Engineering electronic materials with atomic precision will enable construction of tailored quantum devices exhibiting unique electronic, magnetic and optical properties, with the potential to impact fields ranging from quantum information science to next-generation computing and clean energy technologies. Atomically precise vertical structures can be formed by stacking different atomically-thin materials with diverse characteristics. The properties of individual layers, and their emergent interactions, show great promise for fundamental science and future technologies. To date, this process has been explored at the artisanal scale and has generated a wealth of scientific discoveries. However, the scalable construction of such heterostructures has remained a challenge, with individual stacks often built up though painstakingly manual processes with significant interfacial contamination. This project overcomes these challenges and enables scalable production of atomically-resolved heterostructures by developing an automated robotic platform to assemble layer materials under ultra-high vacuum conditions, resulting in a tool for production of materials with unprecedented complexity and interfacial cleanliness.
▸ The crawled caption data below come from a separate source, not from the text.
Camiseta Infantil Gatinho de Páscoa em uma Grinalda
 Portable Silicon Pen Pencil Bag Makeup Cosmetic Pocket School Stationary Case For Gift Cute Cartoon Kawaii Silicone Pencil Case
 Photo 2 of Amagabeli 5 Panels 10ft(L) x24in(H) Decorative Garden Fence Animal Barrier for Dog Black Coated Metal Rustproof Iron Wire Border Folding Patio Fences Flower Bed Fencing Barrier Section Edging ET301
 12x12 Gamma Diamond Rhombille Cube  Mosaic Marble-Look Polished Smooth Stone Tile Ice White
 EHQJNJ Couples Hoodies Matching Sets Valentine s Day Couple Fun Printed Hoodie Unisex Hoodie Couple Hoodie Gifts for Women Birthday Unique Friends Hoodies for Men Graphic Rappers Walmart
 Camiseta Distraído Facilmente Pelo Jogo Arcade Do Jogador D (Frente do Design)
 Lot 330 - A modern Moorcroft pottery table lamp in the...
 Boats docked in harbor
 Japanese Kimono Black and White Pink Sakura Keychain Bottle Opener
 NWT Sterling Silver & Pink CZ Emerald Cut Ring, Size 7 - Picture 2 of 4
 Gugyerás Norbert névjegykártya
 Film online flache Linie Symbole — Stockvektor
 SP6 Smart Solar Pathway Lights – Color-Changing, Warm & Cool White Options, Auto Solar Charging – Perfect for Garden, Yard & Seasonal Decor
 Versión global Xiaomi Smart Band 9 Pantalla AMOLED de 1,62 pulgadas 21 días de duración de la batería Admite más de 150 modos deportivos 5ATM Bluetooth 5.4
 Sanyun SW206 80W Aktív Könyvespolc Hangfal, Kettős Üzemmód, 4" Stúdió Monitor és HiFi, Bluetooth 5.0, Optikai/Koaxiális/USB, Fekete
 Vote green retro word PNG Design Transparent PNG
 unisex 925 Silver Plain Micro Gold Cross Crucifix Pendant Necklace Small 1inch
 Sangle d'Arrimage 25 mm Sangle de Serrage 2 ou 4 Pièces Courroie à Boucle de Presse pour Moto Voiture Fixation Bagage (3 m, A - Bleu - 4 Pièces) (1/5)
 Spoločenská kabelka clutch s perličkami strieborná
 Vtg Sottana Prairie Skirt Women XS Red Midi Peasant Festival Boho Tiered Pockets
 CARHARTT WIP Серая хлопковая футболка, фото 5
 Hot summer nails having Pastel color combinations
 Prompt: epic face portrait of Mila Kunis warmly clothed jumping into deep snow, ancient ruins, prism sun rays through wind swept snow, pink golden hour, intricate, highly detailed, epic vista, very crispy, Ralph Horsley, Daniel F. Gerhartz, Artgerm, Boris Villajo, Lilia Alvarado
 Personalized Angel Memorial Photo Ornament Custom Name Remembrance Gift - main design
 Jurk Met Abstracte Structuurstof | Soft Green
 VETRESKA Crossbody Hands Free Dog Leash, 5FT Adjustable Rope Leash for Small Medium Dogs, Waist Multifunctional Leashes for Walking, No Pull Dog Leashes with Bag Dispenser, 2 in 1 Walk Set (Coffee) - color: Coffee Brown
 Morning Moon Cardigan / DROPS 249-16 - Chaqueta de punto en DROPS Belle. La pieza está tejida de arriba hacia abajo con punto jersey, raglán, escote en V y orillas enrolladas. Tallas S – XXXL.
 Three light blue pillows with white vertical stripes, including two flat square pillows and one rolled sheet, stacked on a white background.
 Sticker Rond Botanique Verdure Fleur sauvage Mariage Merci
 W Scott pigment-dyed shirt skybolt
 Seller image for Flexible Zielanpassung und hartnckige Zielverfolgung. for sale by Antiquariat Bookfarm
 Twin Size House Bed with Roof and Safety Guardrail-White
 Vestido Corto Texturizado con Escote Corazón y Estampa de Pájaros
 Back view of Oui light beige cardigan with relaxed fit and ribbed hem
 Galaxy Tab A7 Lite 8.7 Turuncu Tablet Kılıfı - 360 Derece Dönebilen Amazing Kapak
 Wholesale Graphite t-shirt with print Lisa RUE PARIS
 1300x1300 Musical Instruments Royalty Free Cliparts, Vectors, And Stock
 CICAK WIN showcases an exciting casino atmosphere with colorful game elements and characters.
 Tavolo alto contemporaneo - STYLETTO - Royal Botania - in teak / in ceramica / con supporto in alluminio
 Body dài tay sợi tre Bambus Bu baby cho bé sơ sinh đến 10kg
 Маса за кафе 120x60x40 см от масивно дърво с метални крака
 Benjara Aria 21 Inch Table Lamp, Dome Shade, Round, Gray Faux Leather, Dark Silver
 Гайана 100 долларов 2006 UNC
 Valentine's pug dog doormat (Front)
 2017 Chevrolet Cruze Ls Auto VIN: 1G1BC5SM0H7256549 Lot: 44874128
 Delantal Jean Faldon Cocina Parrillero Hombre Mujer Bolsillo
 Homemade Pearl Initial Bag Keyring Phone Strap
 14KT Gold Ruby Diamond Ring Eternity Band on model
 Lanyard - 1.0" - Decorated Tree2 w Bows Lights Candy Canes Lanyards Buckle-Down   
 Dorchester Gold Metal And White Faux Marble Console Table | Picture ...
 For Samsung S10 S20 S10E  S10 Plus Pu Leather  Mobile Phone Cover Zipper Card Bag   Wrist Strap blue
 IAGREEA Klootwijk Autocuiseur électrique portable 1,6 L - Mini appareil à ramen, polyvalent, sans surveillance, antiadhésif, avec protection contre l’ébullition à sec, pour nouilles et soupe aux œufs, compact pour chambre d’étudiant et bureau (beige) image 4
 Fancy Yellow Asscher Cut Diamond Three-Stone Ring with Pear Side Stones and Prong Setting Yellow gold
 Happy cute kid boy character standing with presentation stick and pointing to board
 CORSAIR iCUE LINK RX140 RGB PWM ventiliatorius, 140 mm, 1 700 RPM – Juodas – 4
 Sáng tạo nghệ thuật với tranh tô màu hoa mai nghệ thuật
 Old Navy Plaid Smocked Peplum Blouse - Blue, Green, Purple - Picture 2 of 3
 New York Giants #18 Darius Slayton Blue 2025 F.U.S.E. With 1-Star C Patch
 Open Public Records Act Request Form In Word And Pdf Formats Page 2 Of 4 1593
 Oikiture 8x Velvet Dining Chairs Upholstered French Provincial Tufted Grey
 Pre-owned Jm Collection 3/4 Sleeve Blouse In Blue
Once developed, this system will be housed adjacent to the Stanford Nanofabrication Facility, where it will serve as a shared tool for Stanford researchers across a diverse interdisciplinary community. Additionally, this project will enhance undergraduate and graduate education through advanced coursework and research opportunities.
This project supports development of a novel instrument to automate the fabrication of designer quantum materials in the form of layered van der Waals (vdW) heterostructures. Existing processes which exclusively utilize exfoliated materials are limited by the stochastic nature of the samples, resulting in low throughput and geometric constraints on the resulting heterostructure. In contrast, this project utilizes both exfoliated and chemical vapor deposition (CVD)/molecular beam epitaxy (MBE)-grown source materials for enhanced throughput and improved sample size. The instrument employs interconnected ultra-high vacuum (UHV) chambers to maintain atomically pristine surfaces, and uses precision nanopositioning stages, microstructured adhesive effectors, an optical microscope, and computer vision algorithms to enable user-friendly, high-throughput fabrication and deposition onto arbitrary substrates. The UHV sample preparation chamber and vacuum suitcase facilitate inert sample processing, enabling study of air-sensitive 2D materials. Integrated in-situ UHV-CVD growth of large area, single-crystal graphene and hBN provide access to pristine samples which are critical to the investigation of vdW heterostructures with controlled rotational alignment. This instrument enables the study of diverse topics in condensed matter physics and materials science, including engineered strongly correlated phases in twisted many-layer structures, emergent topological superconductivity at heterointerfaces, and precisely localized studies of single-defect quantum devices. The five-year development project for this instrument enables a diverse team of Stanford researchers to explore these phenomena, and provides a nucleation point for collaboration across academia and industry.
This award reflects NSF's statutory mission and has been deemed worthy of support through evaluation using the Foundation's intellectual merit and broader impacts review criteria.